Over time language corpora found their way into other areas within the discipline. For instance, corpora of different types were used in studies on translation universals (Baker 1993), translator’s style and ideology (Baker 2000) and translation evaluation (Bowker 2000). Another area which has greatly enjoyed the benefits of corpora in recent years is translator education. In the context of translation classrooms, corpora came to be appreciated as valuable tools for both learners and teachers. Corpora, among other things, were shown to enhance learner’s source text understanding (Bowker 1998), their understanding of specialized terms (Gavioli & Zanettin 1997) and their knowledge of different text types (López-Rodríguez and Tercedor-Sánchez 2008). They also proved useful in providing the student translators with unpredictable and incidental learning (Aston, 1999; Zanettin, 2001). Last but not least, corpora were shown to enhance translation student’s confidence (Varantola 2003; Monzo 2003) and autonomy (Bowker 2002).

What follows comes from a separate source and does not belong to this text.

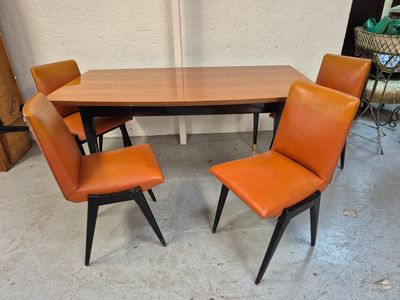 a table with four chairs and a table with four chairs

2. Why the Web, Not Corpora?

As the body of literature on corpora reviewed above shows, corpora have a lot to offer to translators. There are, however, certain practical problems regarding the use of corpora by translators. First, the number of existing corpora is limited and the available corpora are mostly limited to a few dominant languages. A translator translating into English, for instance, can easily enjoy the benefits of freely searchable online English corpora such as BNC (British national corpus)[1] and Collins Wordbanks Online English corpus[2], while a translator translating into an under-resourced language such as Persian would face a different scenario. In fact, there is simply no freely searchable corpus of the Persian language available to online users. Second, most existing corpora are domain specific and supply a limited range of genres and text types (Fujii 2007). The existing corpora, thus, cannot be used for translation of all text types and genres. Third, the existing corpora may not always contain the exact information the translator is looking for. In fact, even a very large specialized corpus may not always contain the information needed to translate texts on the respective specialized subject.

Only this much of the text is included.